8. Open Up Your Curtains – Get Enlightened!
Have you got into the bad habit of keeping the lights on in your home even when it’s a bright, sunny day outside? If so, you’re not alone. By simply drawing back your curtains and opening your blinds you can make significant energy savings.
Turning off your lights for just one hour a day will save 1.22 pounds of CO2. Over the course of a year, this adds up to 0.216 metric tons. Although that might not sound like much, the overall impact of every household doing this would be enormous.
While too much of the sun’s warm rays can be harmful to your skin, exposure to natural light increases the brain’s release of serotonin. This mood-boosting hormone is associated with helping us feel calm and focused. Low levels of serotonin are linked to a higher risk of seasonal affective disorder (SAD) – a form of depression that is triggered by the changing seasons.
9. Magic Carpets – Save on your Heating Bills
The appeal of natural wooden floors in the home is undeniable, but bare floors are not always the kindest to your heating bills. This can be combatted to a certain extent by laying down rugs. They will act as makeshift insulation and will help to keep the room nice and warm if you have the heating on. It also feels much cosier on your feet on a cold morning when you’re not wearing any shoes or socks.
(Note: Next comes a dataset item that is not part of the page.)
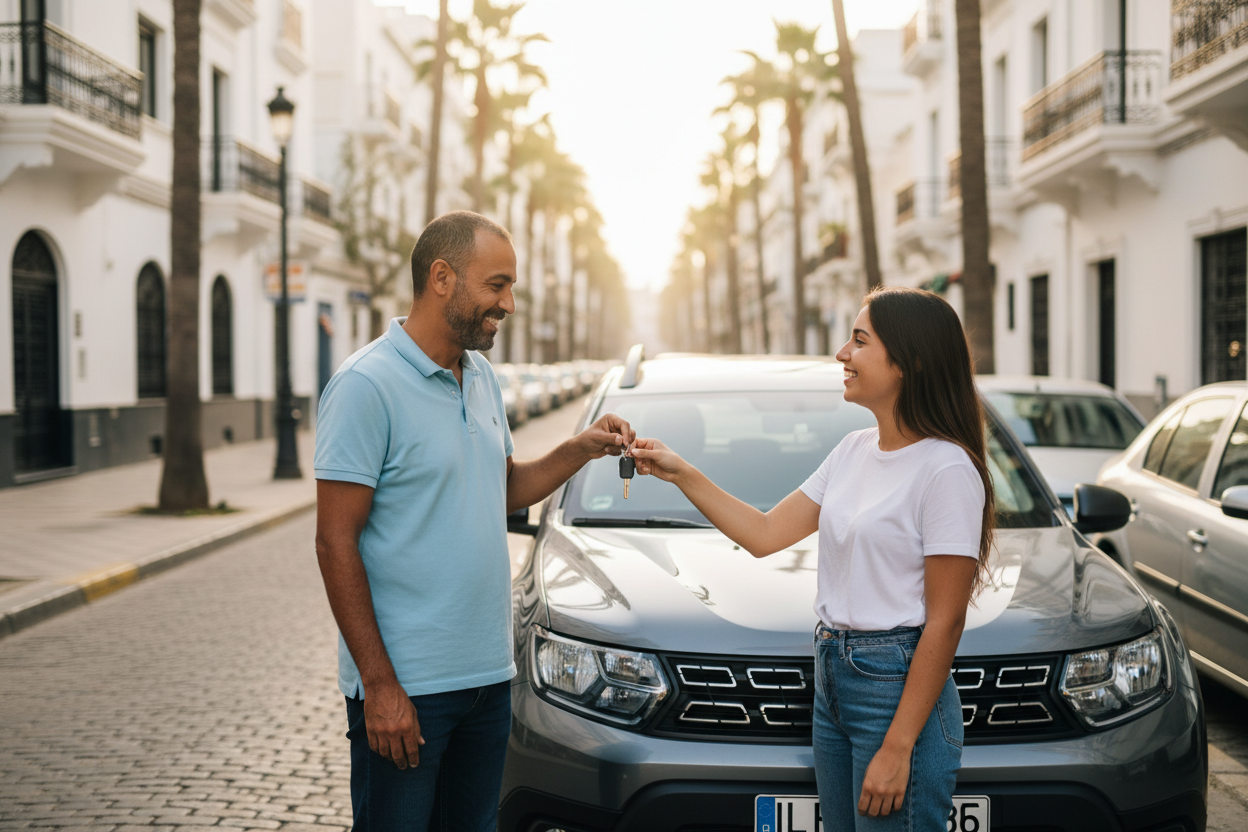 Un propriétaire remet les clés de sa voiture à un locataire souriant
Using rugs on wooden floors can help you save between 4%-6% on your energy bills.
The layout of your room can also impact on your heating bills. For example, if you have sofas or chairs in front of radiators, then this will block much of the heat from reaching the rest of the room and it will take much longer for the room to heat up. Even just moving the sofa away from the radiator a few inches can help.
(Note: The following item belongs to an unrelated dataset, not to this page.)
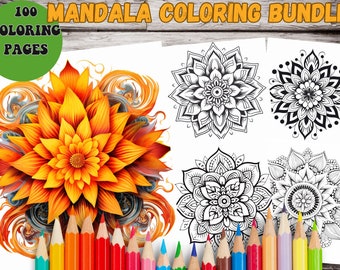 100 Mandala Coloring Pages,Adults,Kids,Printable Mandala Coloring,Mandala Bundle,Coloring Book,Instant Download,coloringpage A4,coloring PDF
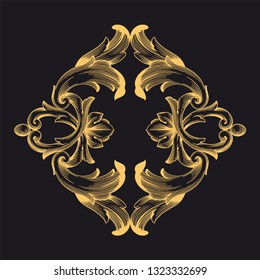 Gold ornament baroque style. Retro rococo decoration element with flourishes calligraphic. You can use for wedding decoration of greeting card and laser cutting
If you have an open fireplace and chimney that you don’t use then you could try moving the sofa in front of it to block some of the cold air coming down. Even better would of course be to block up the chimney if you don’t need it.
10. On the Up – Upcycle and Reuse Everything Possible
It goes without saying that we should all do our bit by recycling, but what about upcycling and reusing household items? These processes often get overlooked.
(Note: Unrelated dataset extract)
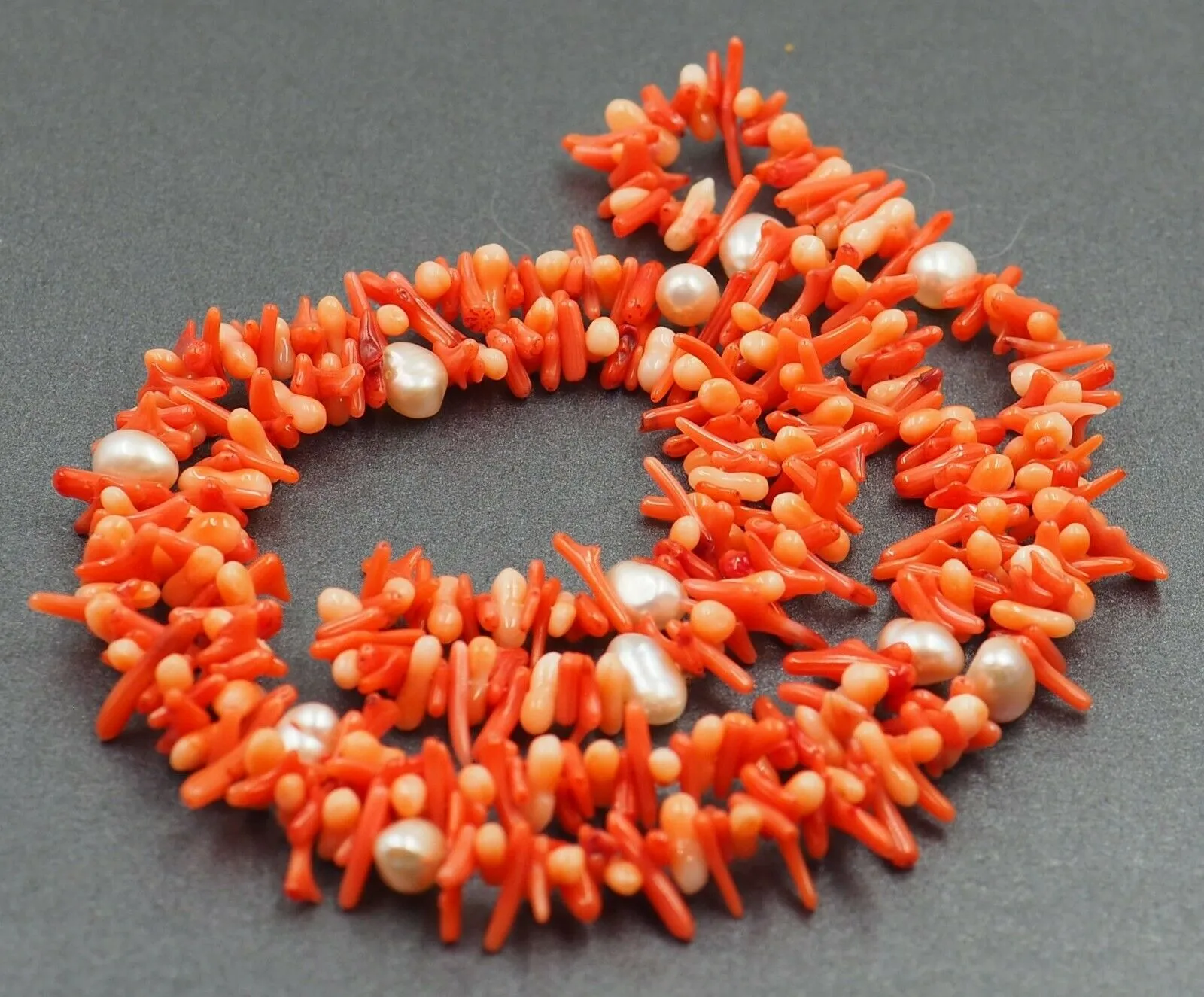 Red Coral & Cultured Pearl Strand Necklace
Do you use cooking sauces that come in glass jars? Instead of merely recycling those jars, you can put them to good use in a wide variety of other ways. A prime example is storing leftover food in them.
You can also do everything with jars from growing small herbs in them to turning one of them into a makeshift piggy bank.
If you remain focused on the ultimate goal of getting a more useful life out of each object, you should be able to discover dozens of creative ways to reuse daily items.